◆ **Assignment**: Whenever a picture appears in the data, skip it and write out all other material exactly.

+++ Given data

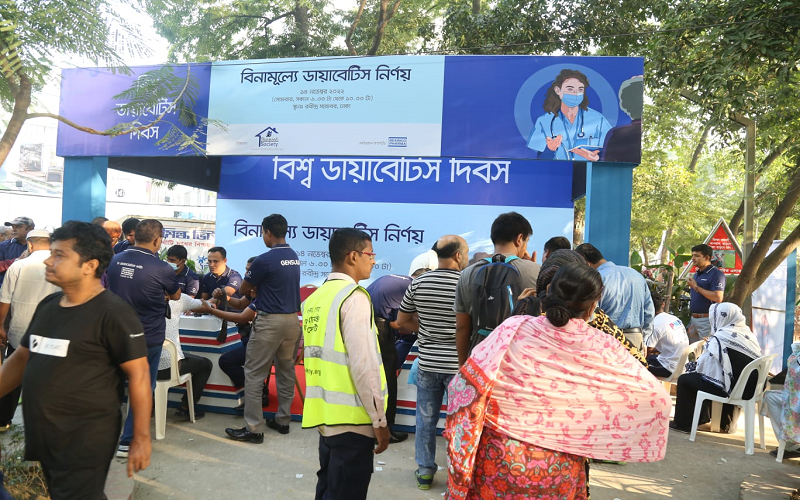ধানমন্ডি সোসাইটির সৌজন্যে ও বেক্সিমকো ফার্মার মেডিকেল সাপোর্টে বিনামূল্যে মেডিকেল ক্যাম্পের আয়োজন।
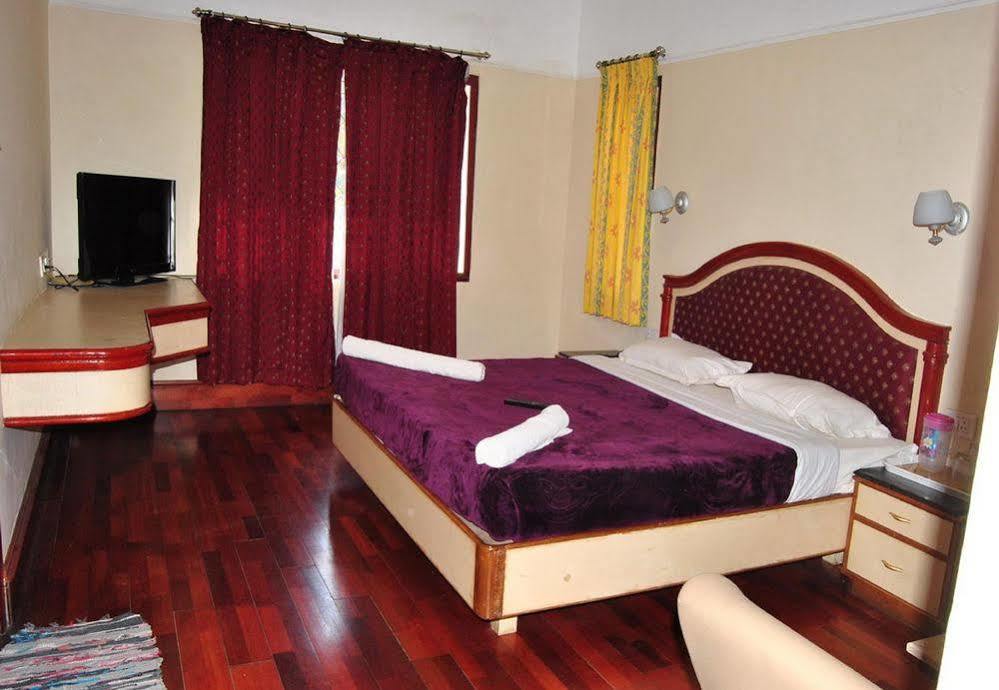 Hotel Acres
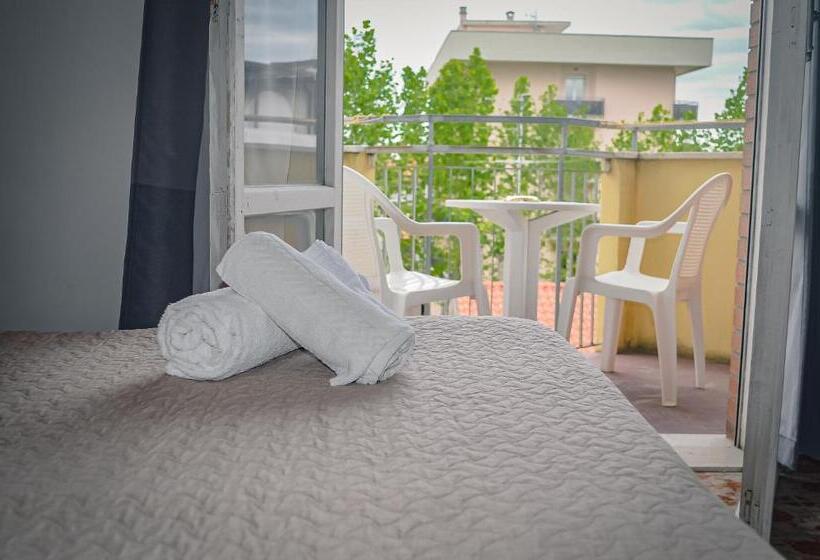 标准间带阳台, Stradiot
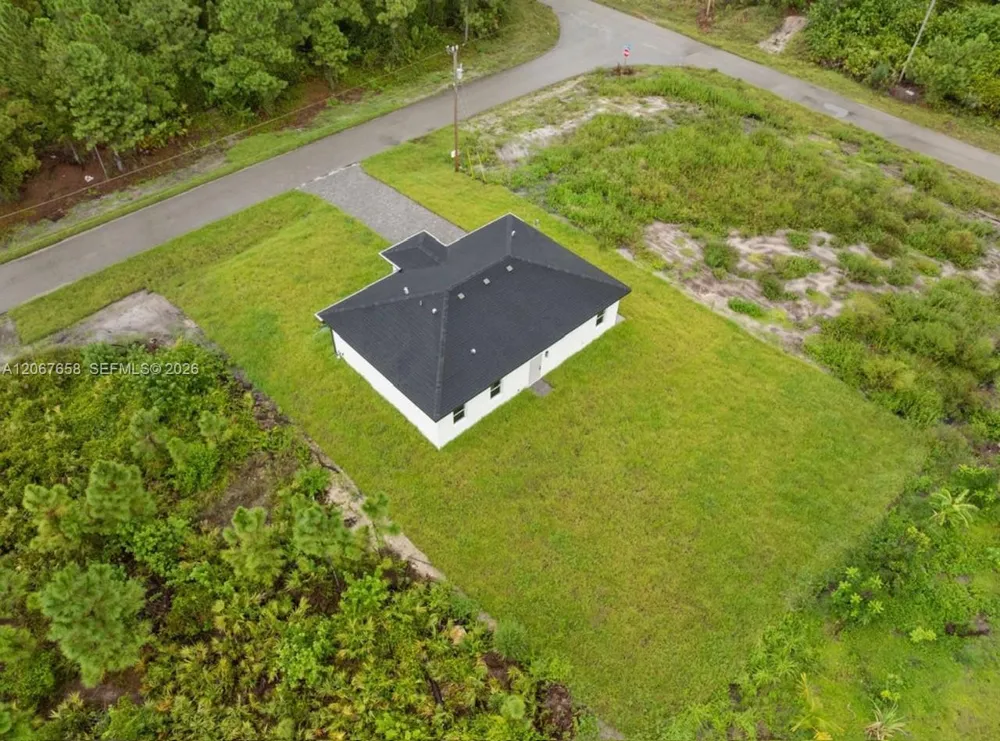 710 Peacock Ave Lehigh Acres, FL 33974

++++++

◆ **Response for this exercise**:
ধানমন্ডি সোসাইটির সৌজন্যে ও বেক্সিমকো ফার্মার মেডিকেল সাপোর্টে বিনামূল্যে মেডিকেল ক্যাম্পের আয়োজন।
 Hotel Acres
 标准间带阳台, Stradiot
 710 Peacock Ave Lehigh Acres, FL 33974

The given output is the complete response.